Provided material:
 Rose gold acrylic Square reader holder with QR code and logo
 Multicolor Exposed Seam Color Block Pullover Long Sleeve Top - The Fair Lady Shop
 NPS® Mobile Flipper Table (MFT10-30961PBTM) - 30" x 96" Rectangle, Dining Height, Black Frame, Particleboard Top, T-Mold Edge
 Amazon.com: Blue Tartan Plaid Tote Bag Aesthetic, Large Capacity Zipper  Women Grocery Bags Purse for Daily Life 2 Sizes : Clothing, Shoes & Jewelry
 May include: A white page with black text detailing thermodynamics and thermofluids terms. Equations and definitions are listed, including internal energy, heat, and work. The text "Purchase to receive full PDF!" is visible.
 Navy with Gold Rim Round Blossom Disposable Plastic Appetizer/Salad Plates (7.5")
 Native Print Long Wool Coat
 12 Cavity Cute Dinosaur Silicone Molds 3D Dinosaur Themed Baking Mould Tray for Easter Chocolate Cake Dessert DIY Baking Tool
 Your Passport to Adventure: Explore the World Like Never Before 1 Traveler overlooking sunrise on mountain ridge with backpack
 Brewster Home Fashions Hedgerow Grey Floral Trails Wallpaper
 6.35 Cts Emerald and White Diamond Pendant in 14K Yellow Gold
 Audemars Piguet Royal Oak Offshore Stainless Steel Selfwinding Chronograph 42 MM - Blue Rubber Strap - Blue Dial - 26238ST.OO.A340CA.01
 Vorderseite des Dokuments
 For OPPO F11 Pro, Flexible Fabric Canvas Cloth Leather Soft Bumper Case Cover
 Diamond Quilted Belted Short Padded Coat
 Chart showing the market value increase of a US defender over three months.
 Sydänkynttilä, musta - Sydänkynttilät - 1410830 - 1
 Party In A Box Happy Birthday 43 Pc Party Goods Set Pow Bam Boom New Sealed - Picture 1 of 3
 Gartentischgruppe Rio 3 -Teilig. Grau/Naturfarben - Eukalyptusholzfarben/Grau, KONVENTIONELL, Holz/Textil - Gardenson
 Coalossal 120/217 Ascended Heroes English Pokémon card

Your instructions:
State the number of lines of the preceding material in which the word "Long" is found, and nothing more.

Solution to this exercise:
2